Julia dopo qualche tempo me la sono ritrovata a sorpresa dentro
a “Borderline” un lavoro fatto da un amico friulano,
Loris Vescovo (vedi
segnalazione su “A” 347). Lei è canadese,
so che viene da Montréal e vive a New York ma so anche
che viene spesso in Italia e parla piuttosto bene l'italiano,
secondo me è un segno che stare qui le piace. L'ho vista
e sentita, anzi guardata e ascoltata, in un recente concerto
estivo nel parco del castello di Este – ha presentato
il suo quarto-e-mezzo cd “Asperities” (pubblicato
dall'indie inglese Leaf).
Il concerto mi ha scosso e lasciato dentro quintali di interrogativi. Lasciamo da parte lei, generosa ma enigmatica, esigente e concentratissima. Lasciamo da parte anche il pubblico: silenziosissimo, attento, altrettanto esigente e concentrato. Ecco, vi dirò dello strumento: un violoncello dall'aspetto metallico che emanava riflessi oscuri. Poi, vi dirò del gesto: a volte Julia sembra impugnare l'archetto come una frusta, altre come una lama, altre ancora sembra accogliere in mano una piuma d'angelo. Ogni volta che passa l'archetto, sia frusta o lama o piuma, il violoncello prende una voce nuova e diversa e canta frasi in forma quadrata che lei cattura e mette a camminare in circolo mantenendone l'incedere lento, e sovrappone e accatasta in strutture sempre più profonde e complicate, ricamate come frattali. Laddove il concerto è stato così suggestivo da lasciarmi dentro un senso perdurante di dubbio e preoccupazione, nel cd è raccolta una versione sorprendente che lascia grandi spazi aperti, luminosità e speranza.

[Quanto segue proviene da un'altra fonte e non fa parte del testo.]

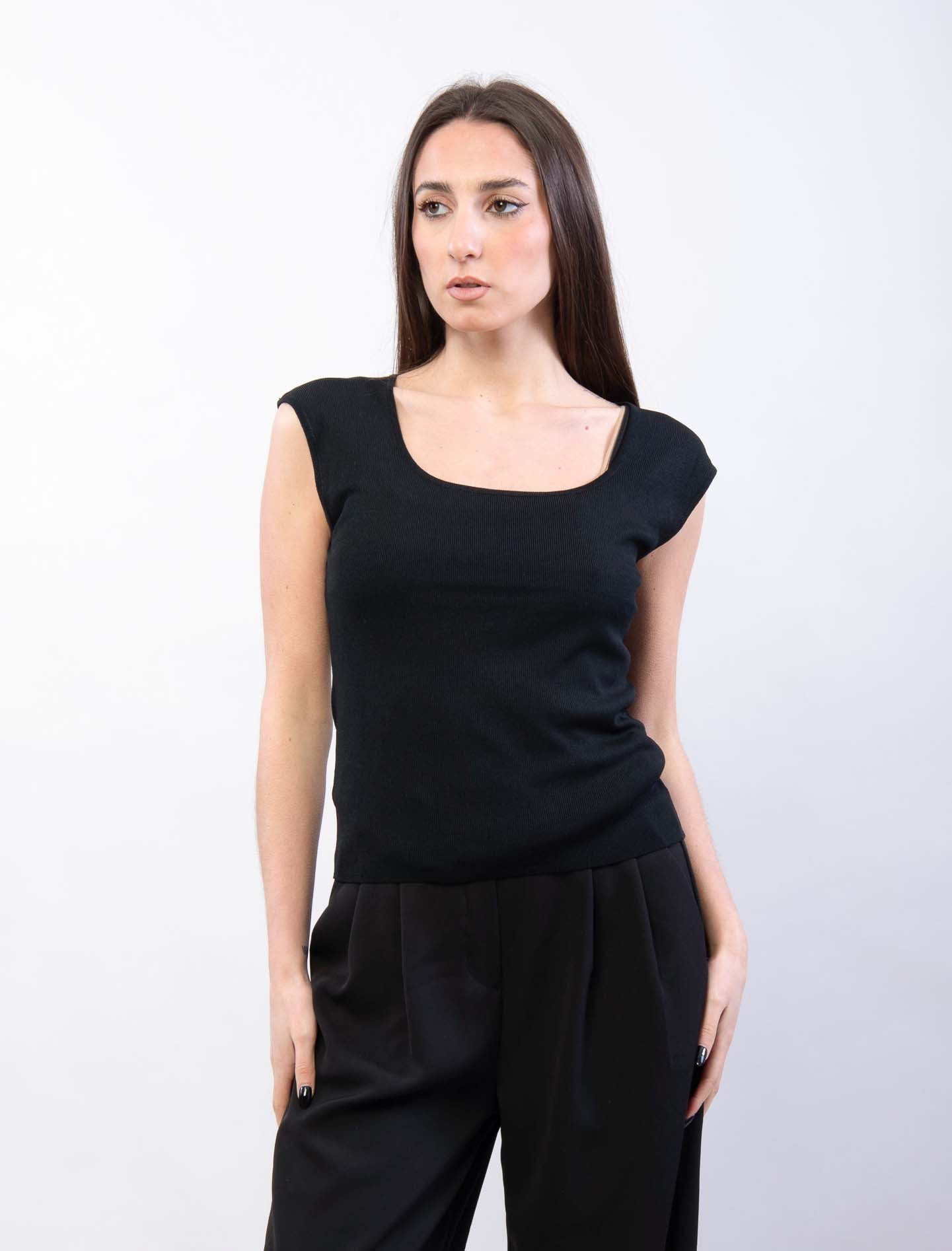 Top scollo madonna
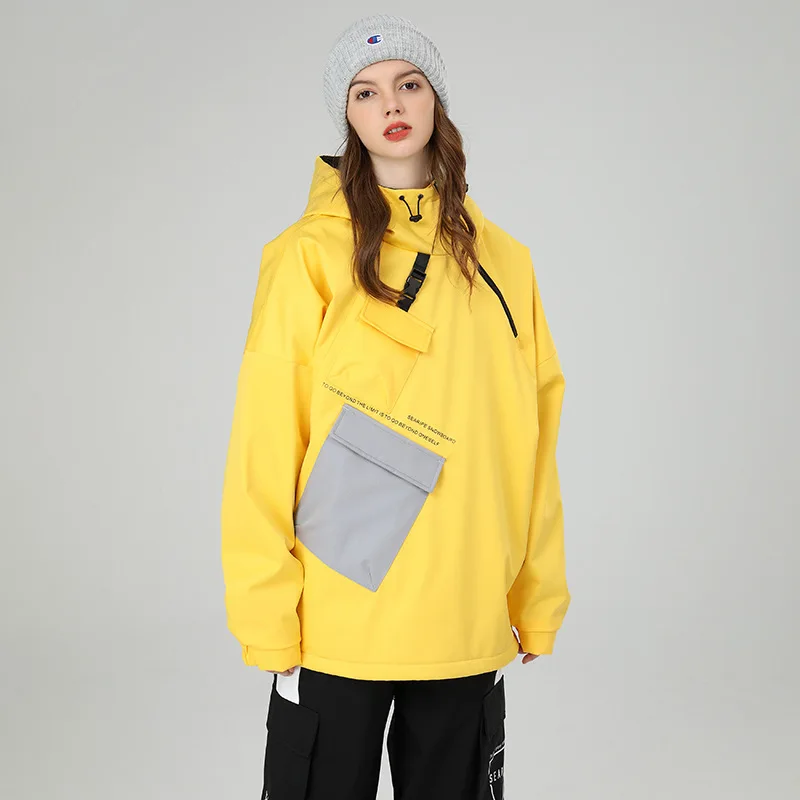 SEARIPE-traje de esquí para mujer, abrigo para exteriores, traje de esquí para hombre, chaqueta de invierno, cortavientos de Snowboard transpirable impermeable para mujer, Unisex - imagen 4
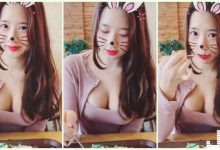 邪惡視角！超正「餐廳大奶妹」低胸豪乳好壞壞！極緻誘惑的「用餐畫面」乳量逼死人…-德州扑克迷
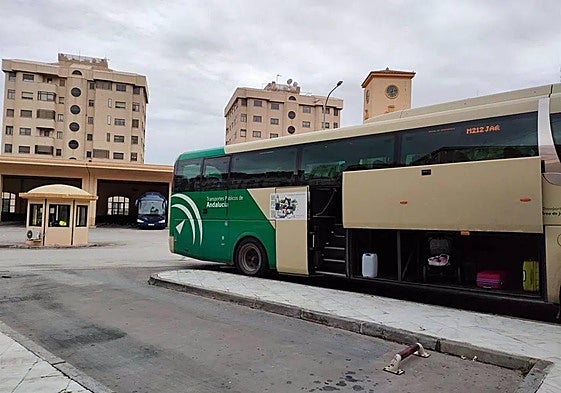 Estación de autobuses de Jaén, en una imagen de archivo.
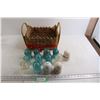Image 1 : (13) CPR and Assorted Glass Insulators, Basket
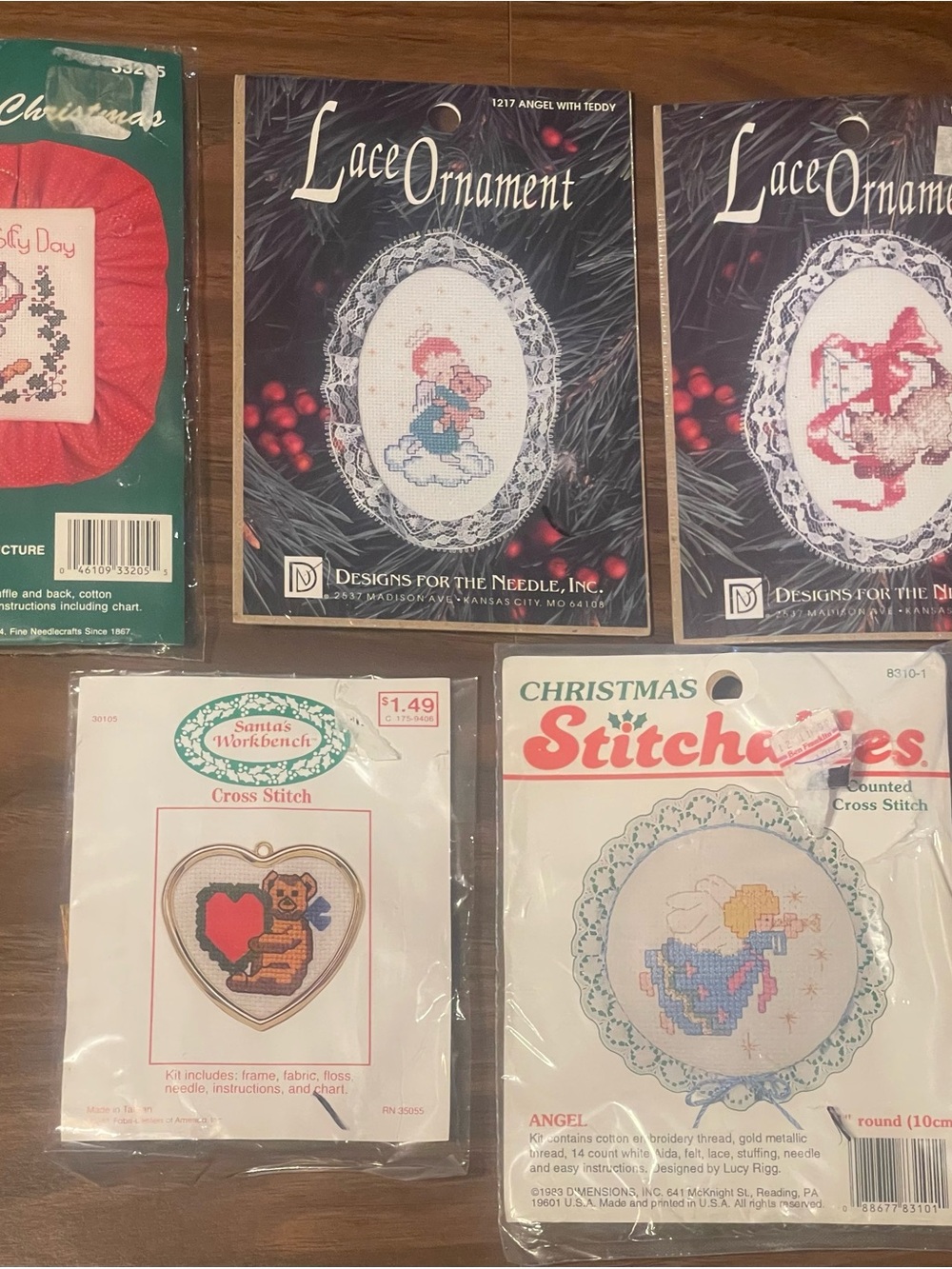 Vtg needlepoint kits lot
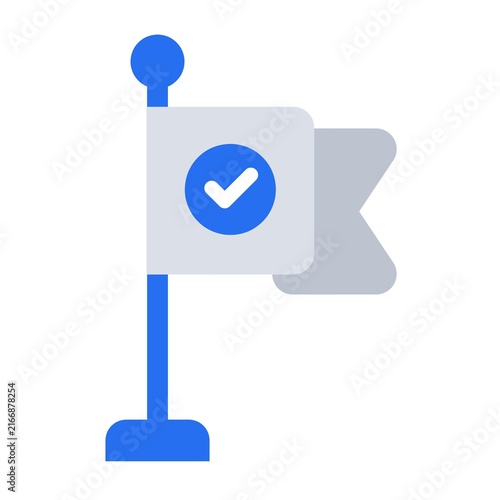 Konstfotografi Project Approval and Completion Icon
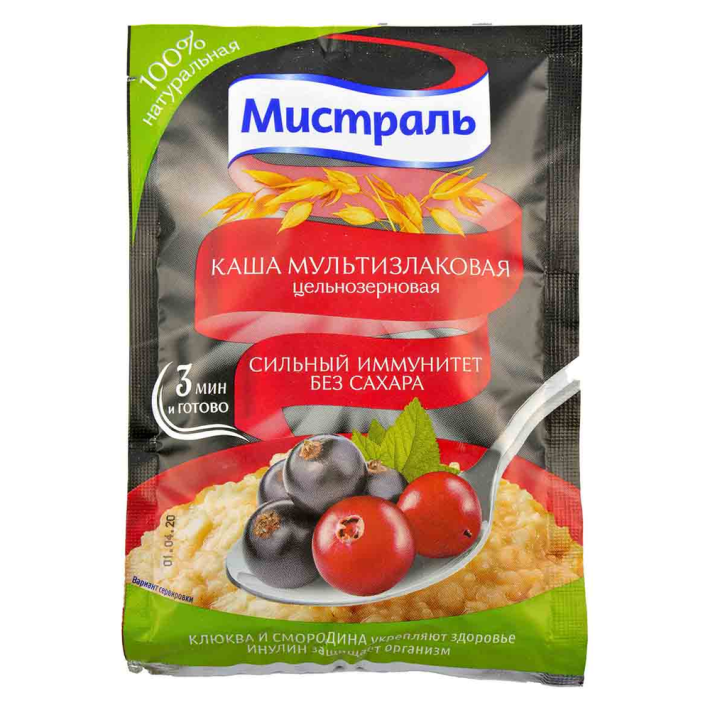 Каша Мистраль мультизлак сильный иммунитет 40 г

Dentro a queste musiche ho ritrovato una familiarità calda ed avvolgente, suoni che arrivano a piedi da posti che sembrano lontanissimi e che invece ho riconosciuto come miei da sempre e che hanno svegliato ricordi vecchi rimasti chiusi nei cassetti dentro in testa. A volte l'ascolto mi ha fatto avvertire presenze, quasi che si stesse materializzando un sogno. Non so se è stata solo suggestione. La prossima volta che Julia verrà a suonare da queste parti voglio tornare, sento come se fosse rimasto in sospeso un discorso. La prossima volta che Julia verrà a suonare dalle vostre parti vi chiedo di non andare a vedere e sentire, ma di andare a guardare e ascoltare.